I am prepared to demonstrate that we will have, and continue to have, a transparent system. I said this earlier today in the context of a number of changes I have already put in place and others I am planning in the context of the consolidation of the regulations in public notices and a variety of other areas.

I say to Senators to produce from anywhere in Europe today an appeals system or a planning system that is more open, more equitable, or more balanced. When you have done that I will begin to listen more closely.

Is amendment No. 22 being pressed?

I want to briefly respond——

We have had a long debate on this amendment, and I am anxious to finalise it. The Minister has made his position very clear.

He has not responded to the point I made. This amendment is directed specifically towards the appellant complying with the requirements of subsection (1) (d).

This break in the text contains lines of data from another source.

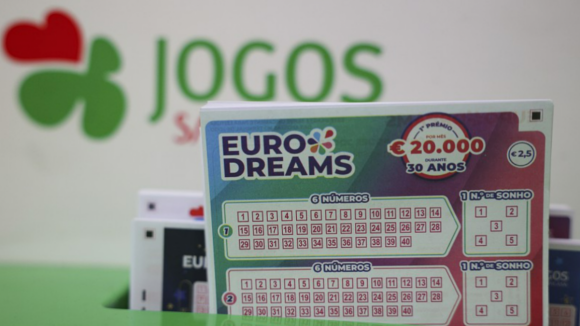 Eurodreams. Já é conhecida a chave que vale 20 mil euros por mês durante 30 anos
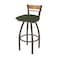 Holland Bar Stool Co Revelle 30in Swivel Bar Stool with Bronze Finish, Medium Back and Canter Pine Seat 881 - alternate 1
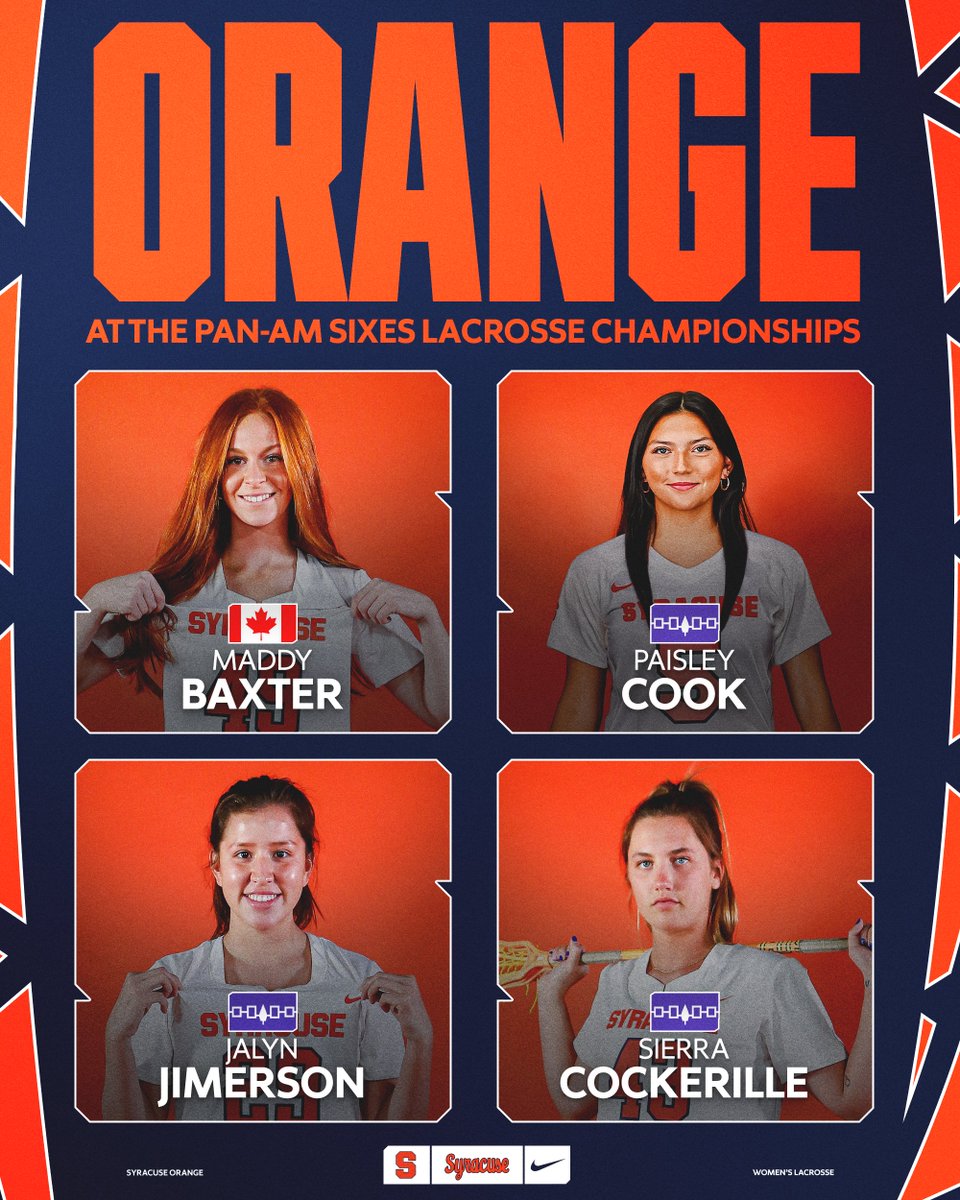 CuseWLAX's tweet photo. Wishing the best of luck to this group at the Pan-Am Sixes Championships this week! 🍊 https://t.co/myHy6KDFMf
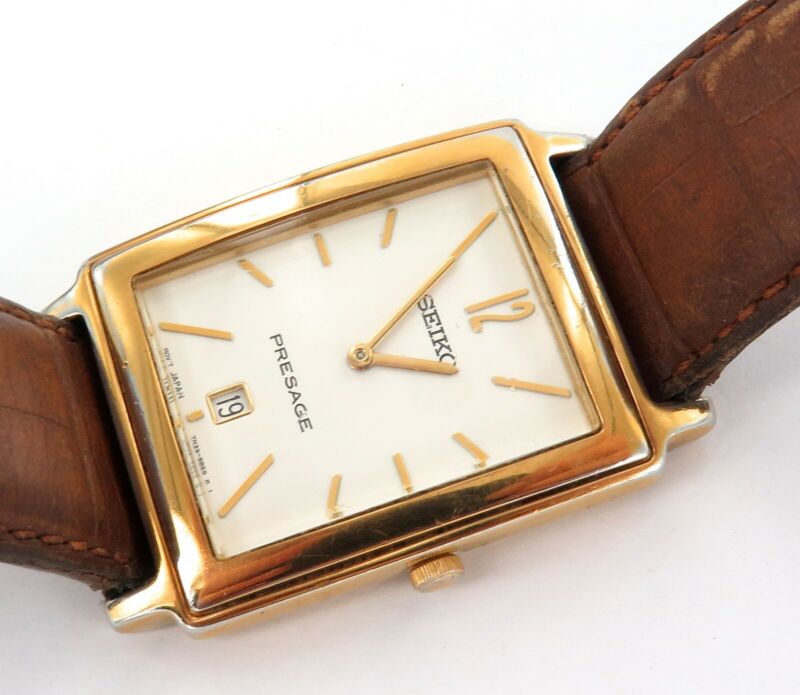 SCARCE MODEL / VINTAGE SEIKO PRESAGE QUARTZ DATE 7N39-5B00 MENS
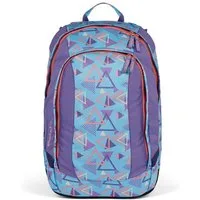 Satch Schulranzen Schulrucksack AIR 80s Dance, Kollektion 2024 (1 Stück), Laptop-Fach, Your-Size-System, Schulranzen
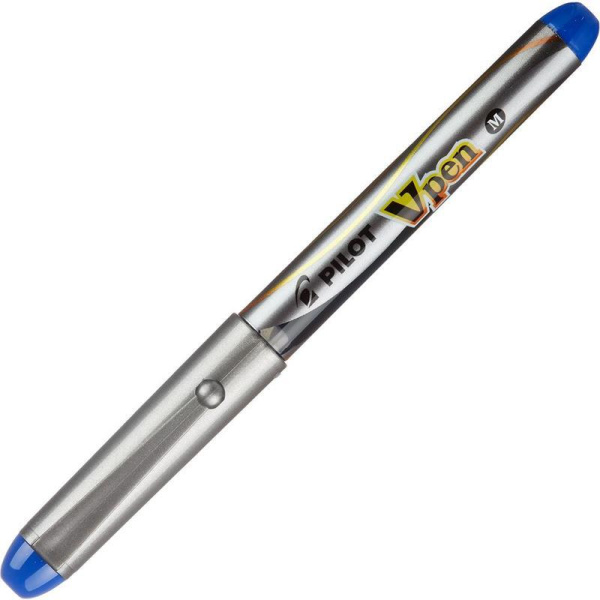 Ручка перьевая Pilot SVP-4M V-Pen серый корпус синяя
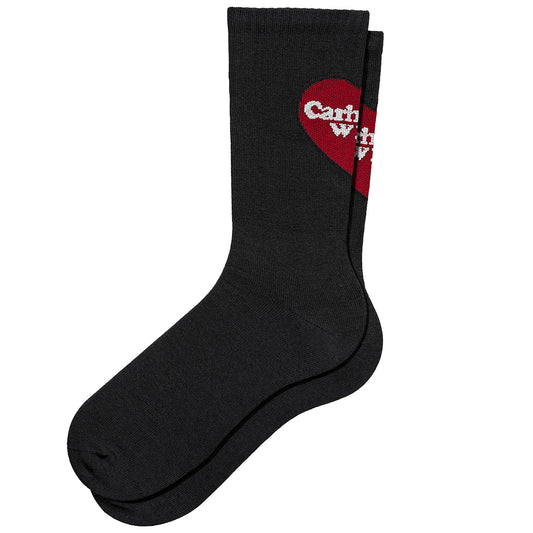 Carhartt WIP Heart Socks Black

I am not talking about the substance that may be in the appeal. I am talking about complying with the requirements. The requirements are exceptional. They are that the appellant shall have a full case stated at the same time as he is making the appeal. We are talking about ensuring that the requirements are complied with. It is not to engage in conflict regarding the position of the planning authority or the appellant. They may be quite different.

The purpose of my amendment is to ensure that the appellant is in a position to comply with the law. The Minister's reply departed from that. He has gone into what may be the substance of the appeal where a real conflict could arise. I am not trying to raise that matter. I want to go through the technical process and the procedures that have to be followed, and to ensure that section 4 (1) (d) is fully complied with.

Has the Minister any further comment to make?

Not really.

Is the amendment being pressed.

Amendment put and declared lost.

Amendments Nos. 23, 31, 33 and 39 are related and all may be discussed together.

I move amendment No. 23:

In page 7, lines 45 and 46, and in page 8, lines 1 to 4, to delete subsection (3).

This amendment is in the same vein as the last few amendments we have been discussing. It is proposed to delete subsection (3) of section 4, where it states that without prejudice to section 9 an appellant shall not be entitled to elaborate in writing upon or make further submission in writing in relation to the grounds of an appeal. The other amendments relate in a similar fashion to elaborating on an appeal.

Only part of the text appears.